I am an under graduate mechanical student. I have problem in a certain calculations. Actually I have to calculate the speed of a shaft connected to a pinion which is being moved by a rack which is pressed by a ramp downwards (load on a ramp can very from 1000kg to 10000kg)

All sugesstions are kindly invited and extoled

Thank you

ebaines · May 22, 2013, 10:23 AM

Since you gave no detail all I can suggest is to determine forces and moments acting on each element and use $\vec F = m \vec a$ and $\vec T = I \vec \alpha$ to find the resulting motion.

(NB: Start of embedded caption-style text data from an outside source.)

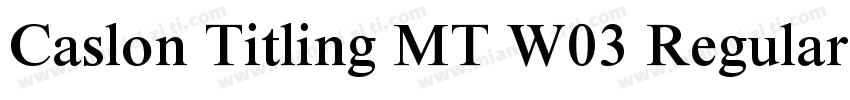 Caslon Titling MT W03 Regular字体转换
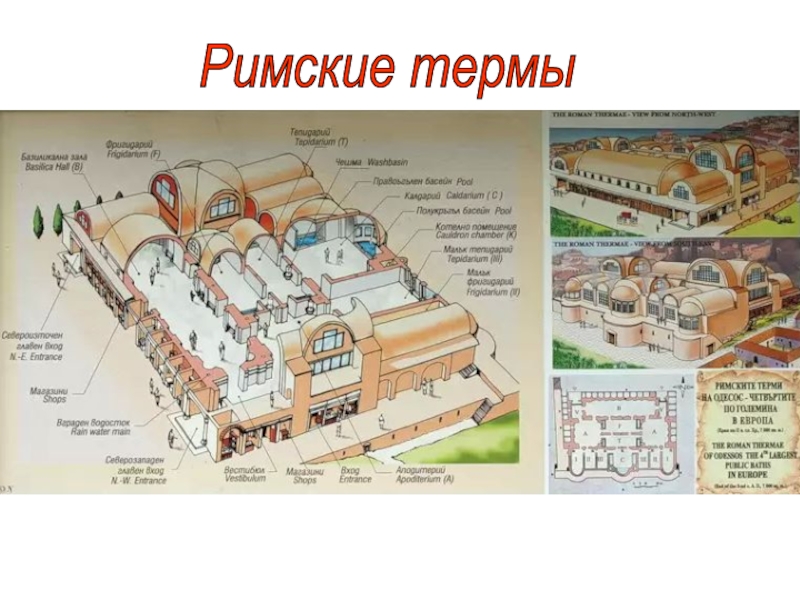 Термы каракаллы рисунок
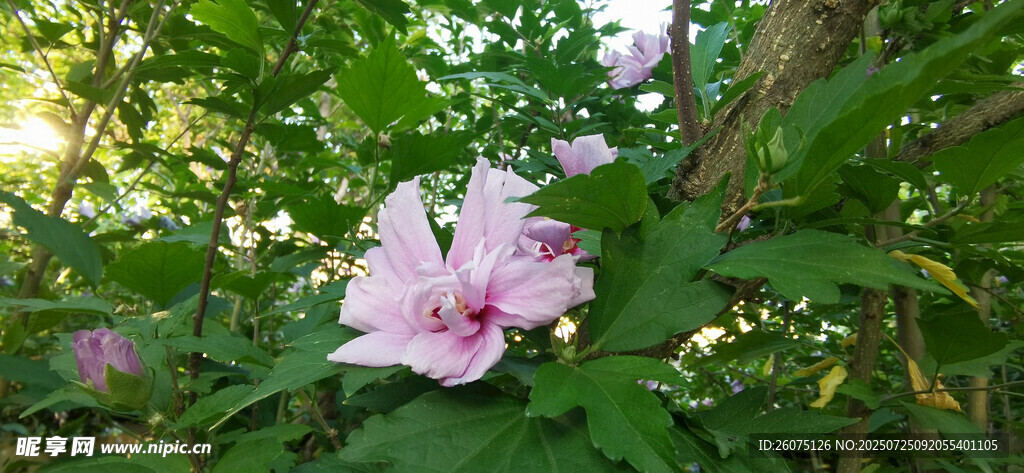 林间绽放的粉色木槿花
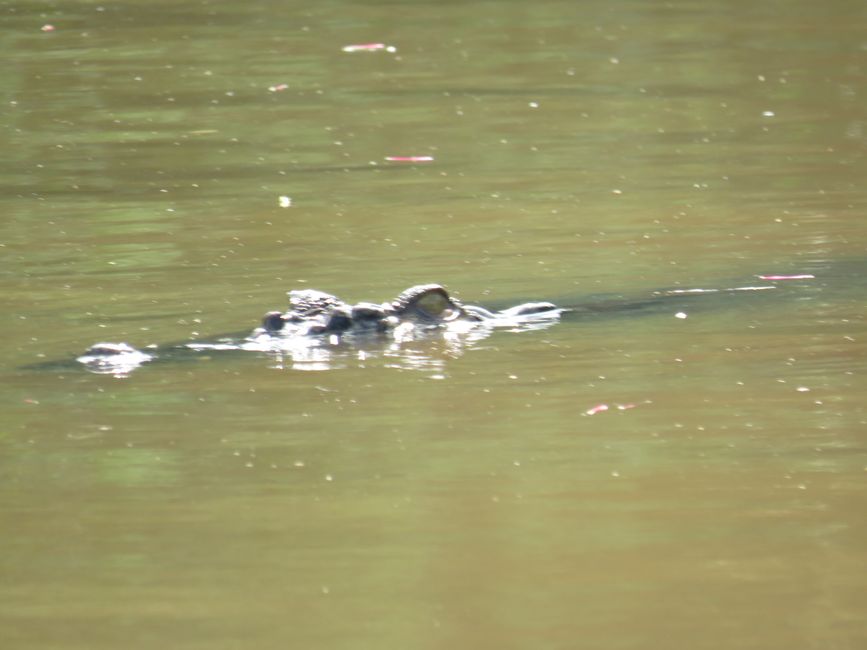 Matara - Mauvais temps, pas de baleines, mais des Salties (crocodiles d'eau salée)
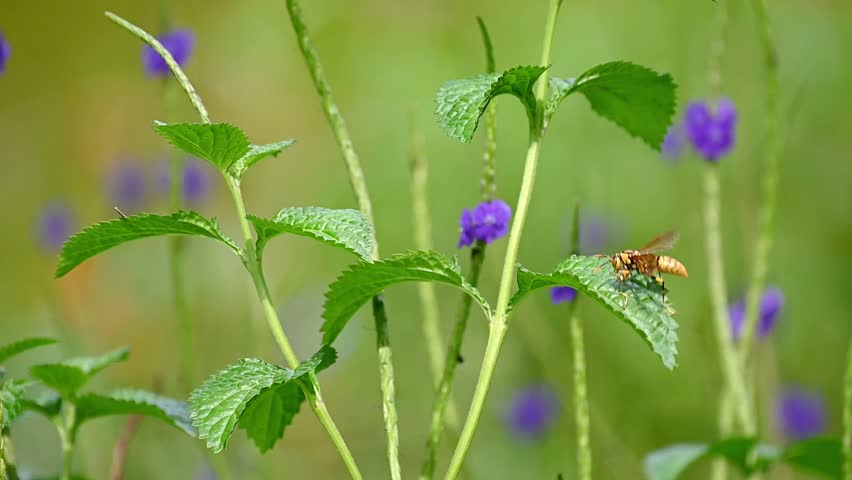 Yellow and Black Wasp Feeding on Prey on a Green Leaf Before Flying Out of Frame in Slow Motion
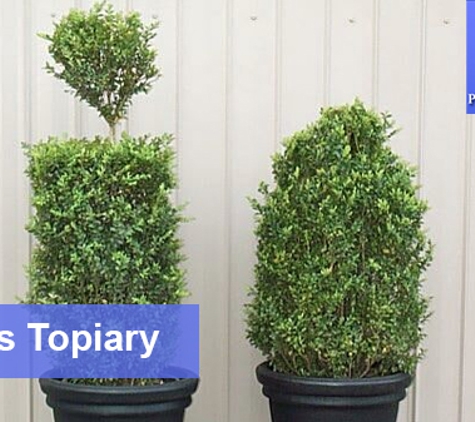Plants For Hire Pty Ltd - Dingley Village, VIC. Buxus Topiary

Garvit chauhan · May 22, 2013, 10:09 PM

thank u for your response
actually I have to calculate shaft speed this is a project on speed breaker electricity generation as it is well known so I am doing calculations on it please refer this link for further view of this project[URL="http://www.ipcbee.com/vol1/55-B10014.pdf"]
the only difference is that I want to calculate shaft speed not power generated

ebaines · May 23, 2013, 05:57 AM

I read the article. There are some fundamental flaws in the author's mathematics, so I'm surprised if this has actually been published. For example he uses the term "power" incorrectly. If the mechanism generates 4 watts of power that's the rate of energy generation - it makes no sense to talk about power generated "per minuite" or "per 24 hours." He confuses power with energy.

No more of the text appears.